Miss Brodie is what the kids today would call “problematic.” And that’s the beauty of this book. Even to the very end, Miss Brodie never learns who betrays her, and certainly not why. But the reader has been piecing those details together throughout the novel and the situational irony is one of the pleasures of this spare volume.
It may have taken me far too long to read my first Spark novel, but my thanks to Lia for presenting me the occasion. I will definitely dip into more of Spark’s works before too long.
It’s a brief and very quirky work, but I think it fits perfectly with my mental picture of Jean Brodie. Set in the 1930s at a conservative school for girls in Edinburgh, the story follows six girls–The Brodie Set–through their final two years of Junior School, where Miss Brodie was their teacher, and then the years after they advance to the Senior School, but during which they stayed in almost constant contact with Miss Brodie.
Miss Brodie reminded me in some ways of Mr. Keating in Dead Poets Society. She’s an unconventional teacher, always at odds with the administration because of her unorthodox teaching methods, but she draws these six girls into her orbit and devotes herself to them, as she tells them repeatedly, so they can have the benefit of her being in her prime.
Right from the beginning, however, we get hints of an impending scandal as Spark uses a series of flash-forwards. Much of the novel for the reader is the process of putting together the fractured chronology and the motivations for the characters’ choices.

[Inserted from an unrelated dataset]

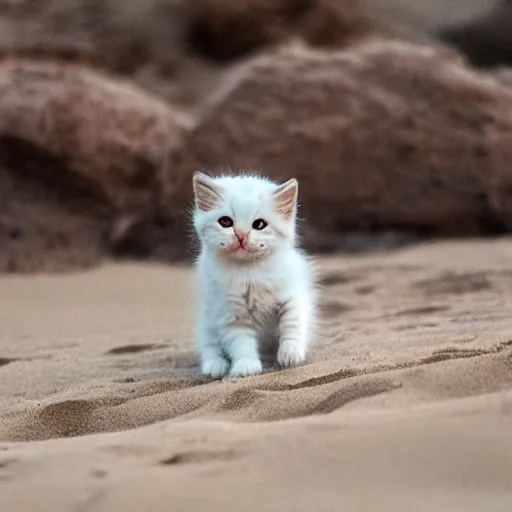 Image similar to little kitten alone on the beach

I found the narrative voice fascinating. It’s a third-person omniscient narrator, jumping in and out of each character as necessary. Usually with that type of voice, the narrator allows us to understand each character in much greater depth, but Spark resists that and each character is almost reduced to a caricature. We’re told that Rose is the one who will become famous for sex. Mary is the one famous for her stupidity, etc. Even Miss Brodie is boiled down to a collection of sayings.
One of the questions Lia asked me in our discussion of the books was, as a retired teacher, what was my reaction to Miss Brodie’s teaching? This is where I believe much of the complexity in the book lies. Miss Brodie breaks down the word “education” to its Latin roots: e coming from ex, meaning “out from.” And ducere meaning “to lead.” She sees education as drawing out from the students what lies latent inside them. In contrast, she despises Mrs. Mackay (the administrator) for her old-fashioned approach of stuffing information into the students as if they’re empty vessels to be filled. Mrs. Mackay’s approach is the early equivalent of teaching to the test, and all she cares about each year is the girls’ qualifying exams for Senior School. All of that is admirable, I think, on the part of Miss Brodie.
But she crosses all sorts of lines in the process. She shares very personal details about herself, including her love life, with girls who are 10-13 years old. She uses Mary as a scapegoat and regularly belittles her. She’s extremely opinionated and assumes her girls will share her biases. Equally disturbing, her love of order and control has turned her into an advocate of Mussolini and Hitler–a born fascist.
Miss Brodie is what the kids today would call “problematic.” And that’s the beauty of this book. Even to the very end, Miss Brodie never learns who betrays her, and certainly not why. But the reader has been piecing those details together throughout the novel and the situational irony is one of the pleasures of this spare volume.
It may have taken me far too long to read my first Spark novel, but my thanks to Lia for presenting me the occasion. I will definitely dip into more of Spark’s works before too long.